Engine Cleaning

Cleaning your engine is actually really easy to do.  I've always been nervous to get in there and really clean my engines; I worried that I would damage the engine or something.  Well, what happens when you drive in the rain?  Where does that water go?  

So, here's what you want to do:
  1. get a few plastic shopping bags from a grocery store, take-out restaurant, etc and cover your alternator and your battery connections; if you've replaced the factory air box with a Cold Air Intake, cover that too

  2. use a garden hose and very lightly mist the engine compartment

  3. spray the engine down with a general-purpose cleaner; I've used Adam's all-purpose cleaner in the past and I've been very happy with it

  4. let the cleaner sit for a few minutes and break down the grease and nasty that's accumulated on and around your engine

  5. use a boar's hair brush to scrub the engine down; I've had success with Adam's boar's hair wheel brushes in the past.

    So you know, you want to use boar's hair because the natural, soft bristles won't damage the paint, but they hold a lot of water and quickly release the dirt into your dirty water bucket.  Boar's hair is also one of the most durable types of hair, so it won't break down or shed as quickly as camel's hair or horse's hair.
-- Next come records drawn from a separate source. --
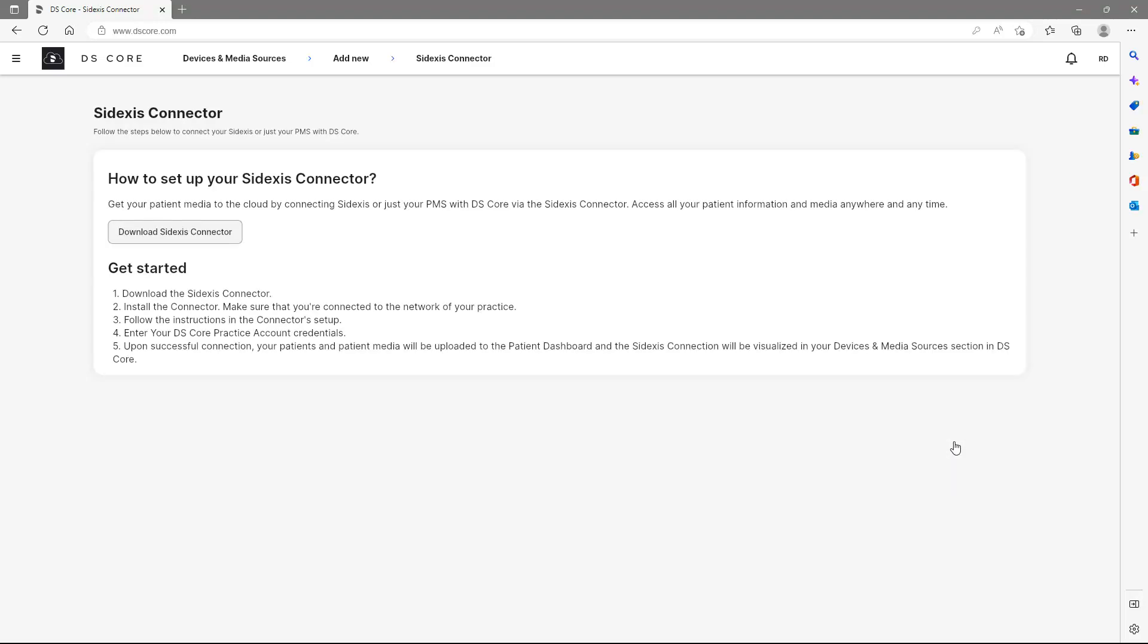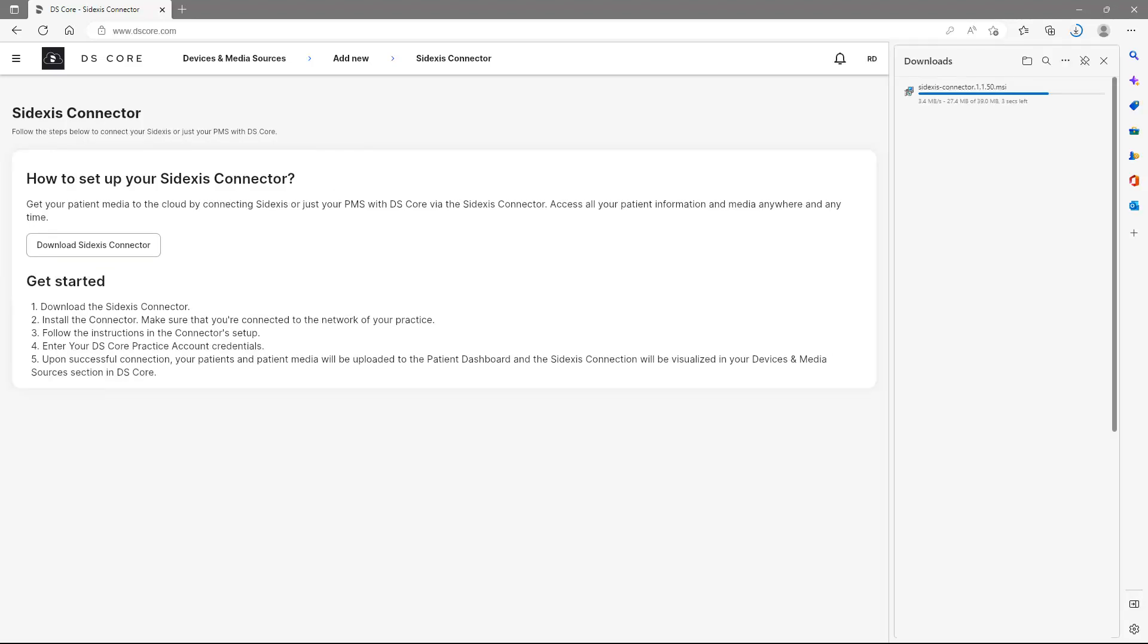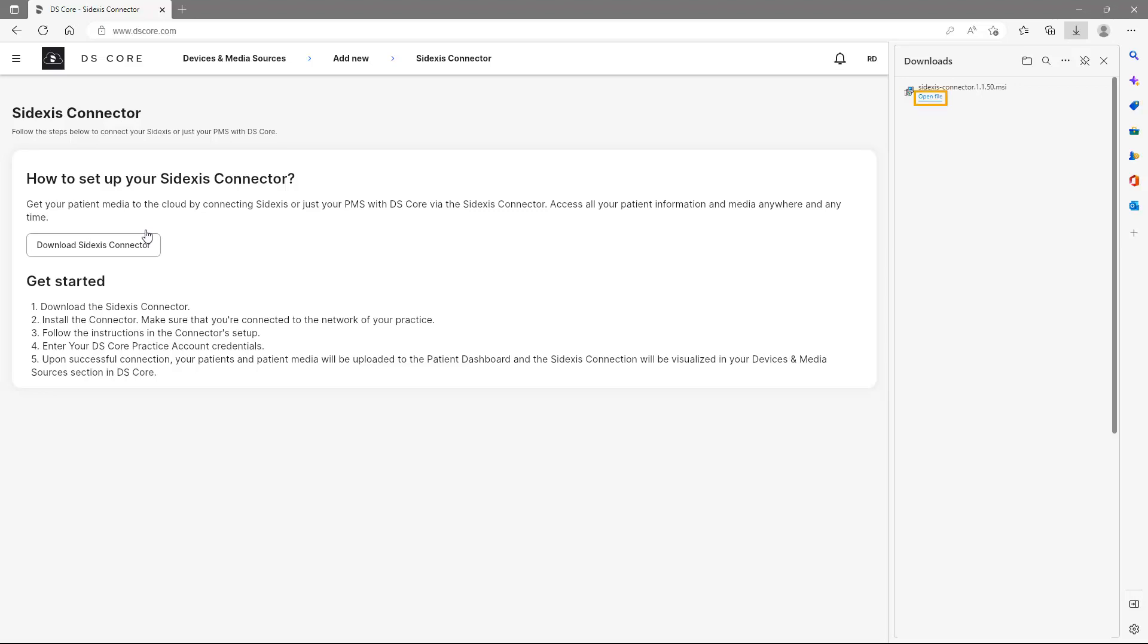Next, we download the Sidexis connector. The download status is shown on the top right. This can be different depending on your web browser. As soon as the Sidexis connector download is completed, we tap on Open File. Please make sure that you are connected to your practice network at this stage.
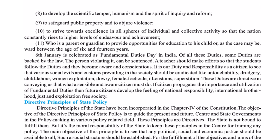To develop the scientific temper, humanism, and the spirit of inquiry and reform. To safeguard public property and observe non-violence. To strive towards excellence in all spheres of individual and collective activity so that the nation rises to higher levels of achievement. It is also the duty of every parent or guardian to provide opportunities for education to their child between the ages of 6 and 14 years. 6th January is celebrated every year as Fundamental Duty Day.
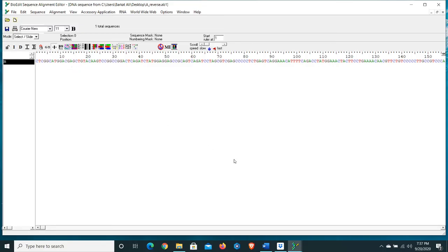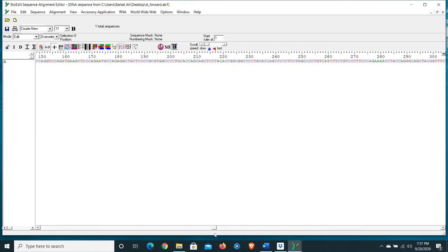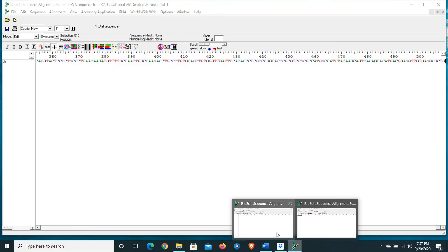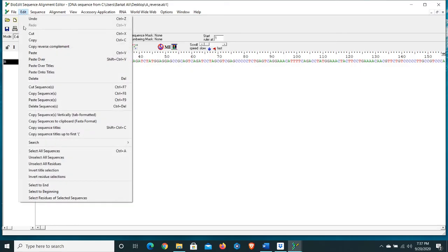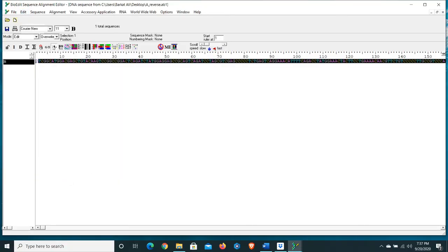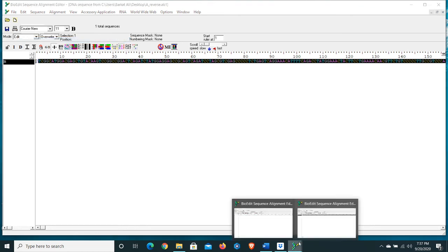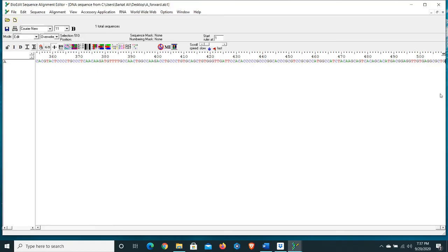After that, go to the forward sequence. Here we have the forward sequence — go to the end of the sequence and click after the final base. Then go to the reverse sequence, change the mode to Edit, select the beginning of the sequence, go to Edit, select 'Select to End', and copy it. Go back to the forward sequence and press Ctrl+V to paste it here. We have pasted the reverse complement — now we have combined both forward and reverse sequences using a few simple steps.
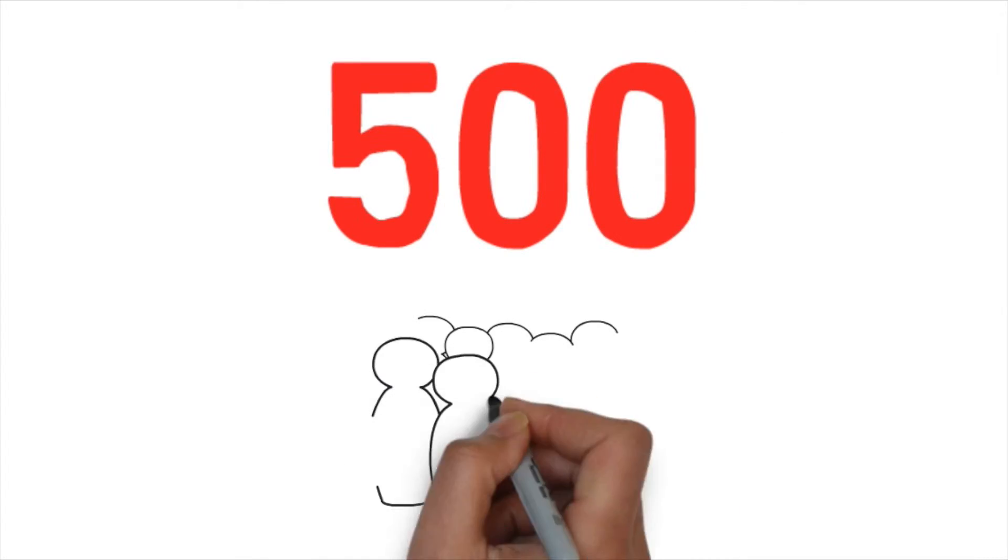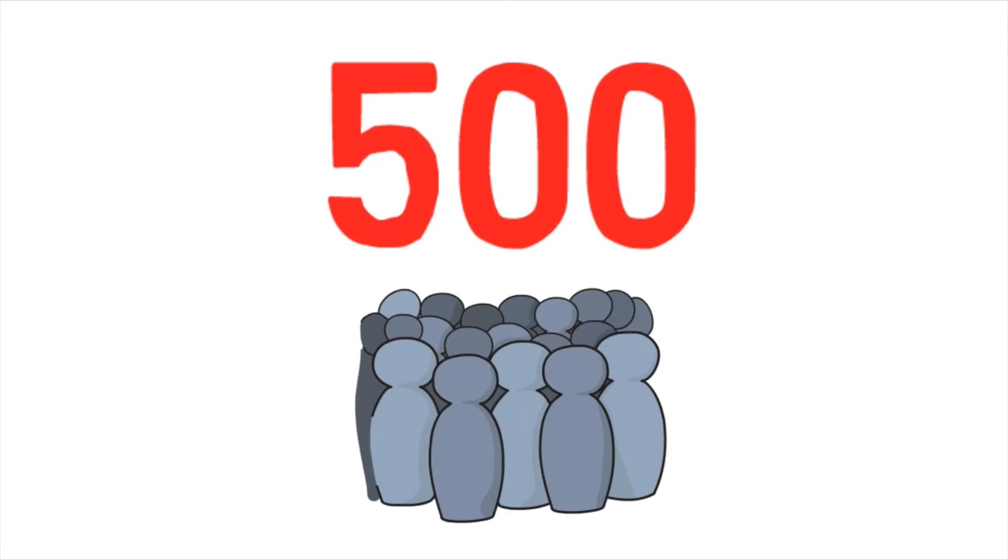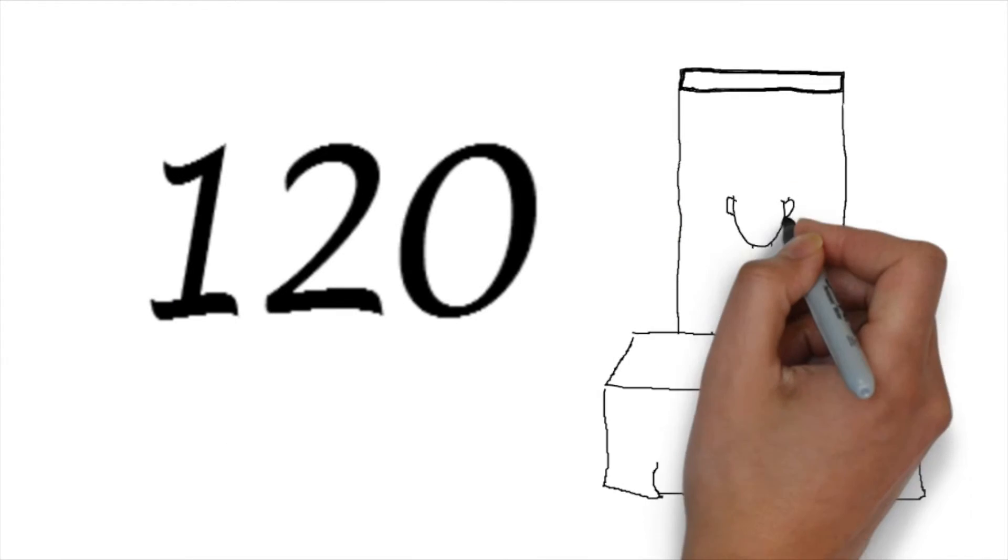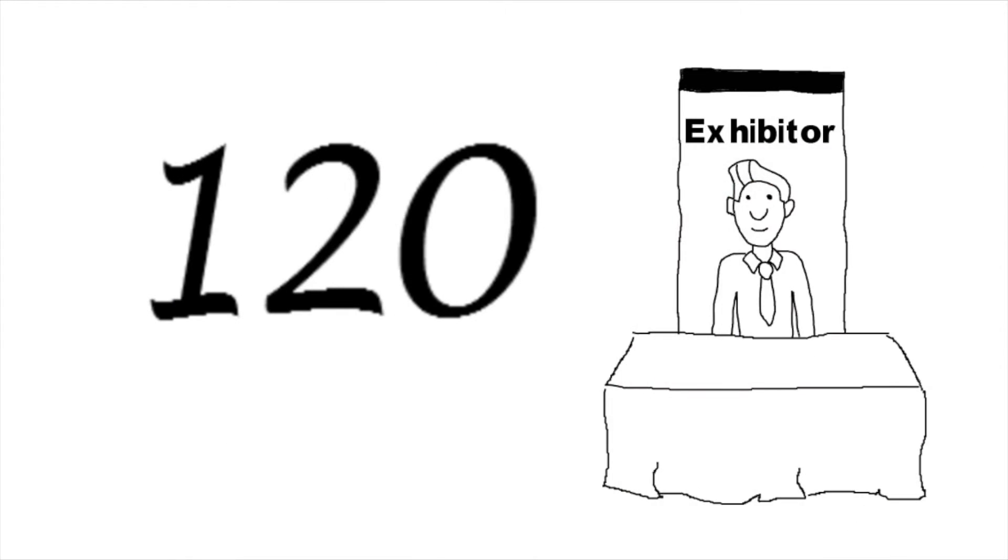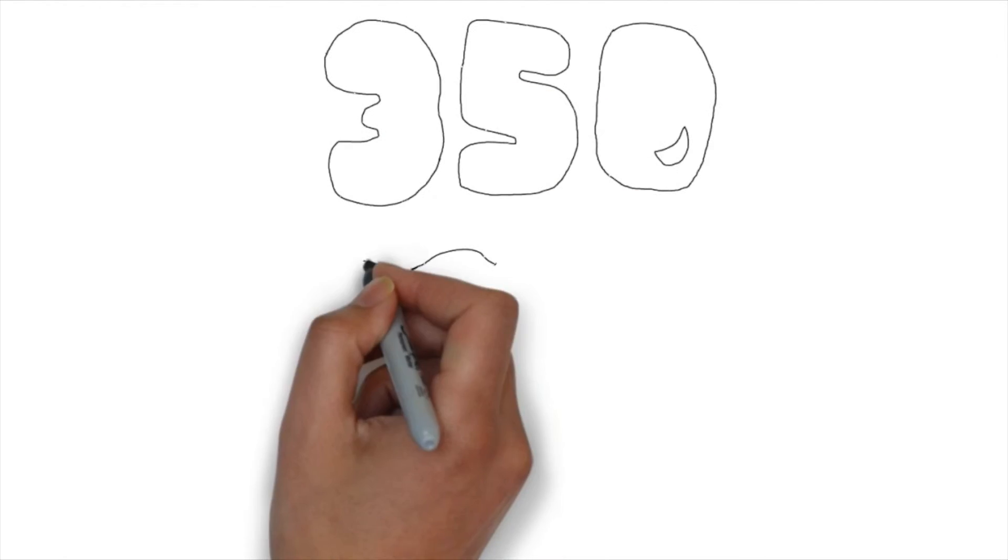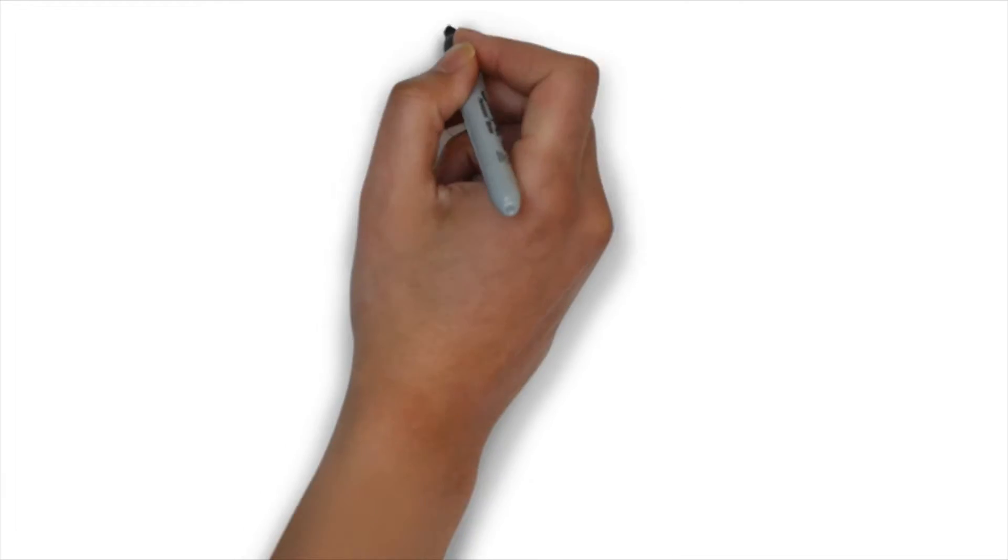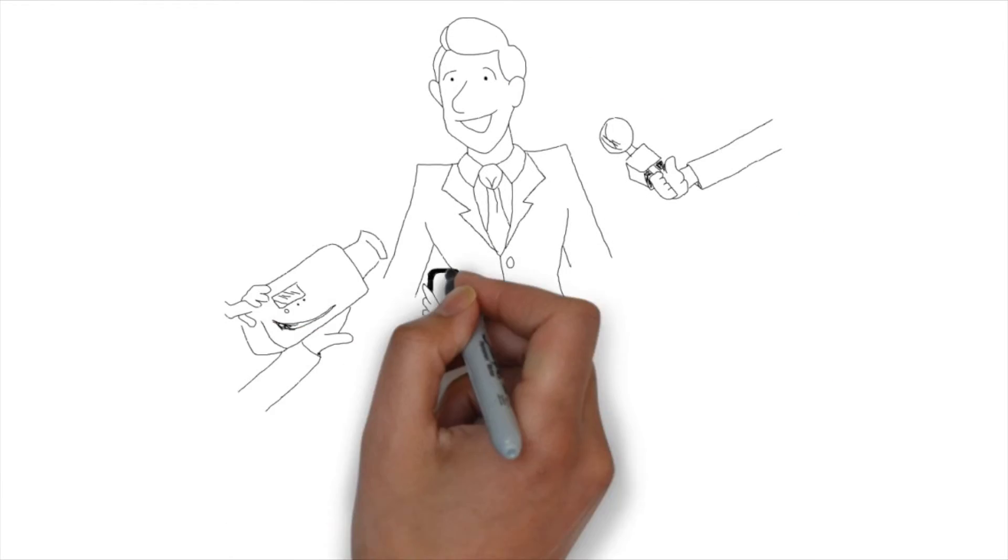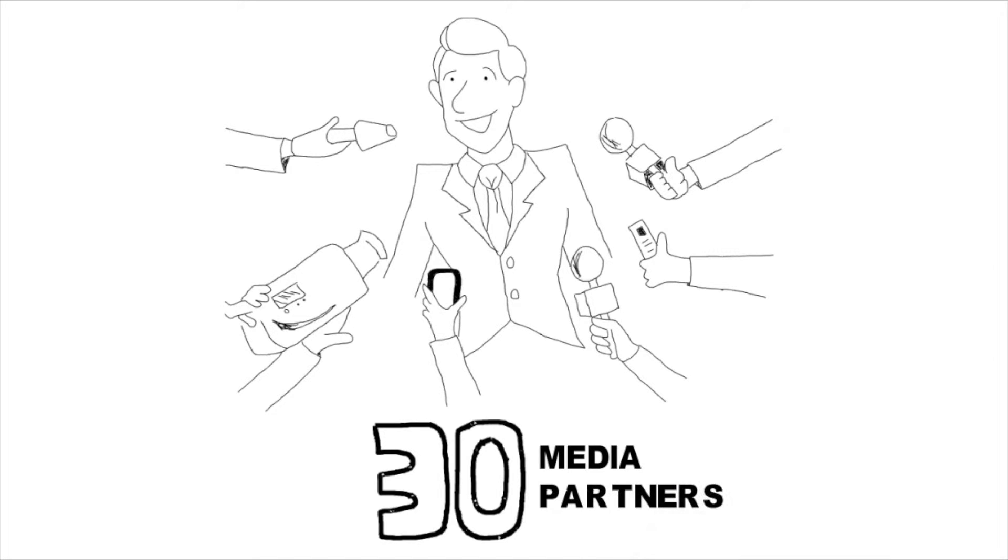Last year's event brought in 500 attendees, 120 exhibiting companies, 350 one-on-one meetings, and 30 media partners present to capture all the action.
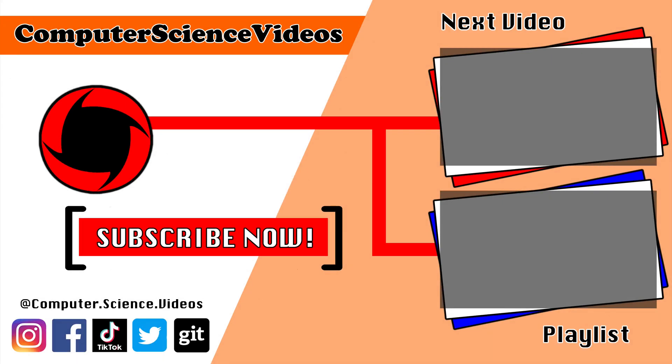Thank you for making it towards the end of the video. Be sure to subscribe to my channel, Computer Science Videos. Be sure to check out the previous video on screen now, or you can ideally click on the playlist and watch all the journey for Computer Science Videos from the start until now. See you guys in the comments below. Thank you.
  6. use a detailing brush to scrub any areas you couldn't get with the boar's hair brush; I usually use a toothbrush for this kind of work

  7. use the garden hose to rinse everything off; again, you don't need to go nuts with the water, just use a light mist

  8. use towels to soak up as much of water as you can; I have one of those super-absorbent towels that I use just for this purpose

  9. remove the grocery bags

  10. close the hood and run the engine for a few minutes; the heat will dry out what's left of the water that the towels didn't absorb 
I don't actually clean my engine very often (because of my driving habits, the engine compartment doesn't tend to get dirty), but your mileage may vary (no pun intended).  I have found, however, that Adam's products tend to do a really good job.  They're a little more expensive, but the quality is definitely there.  Once you see what they can do on your car, I think you'll be very pleased.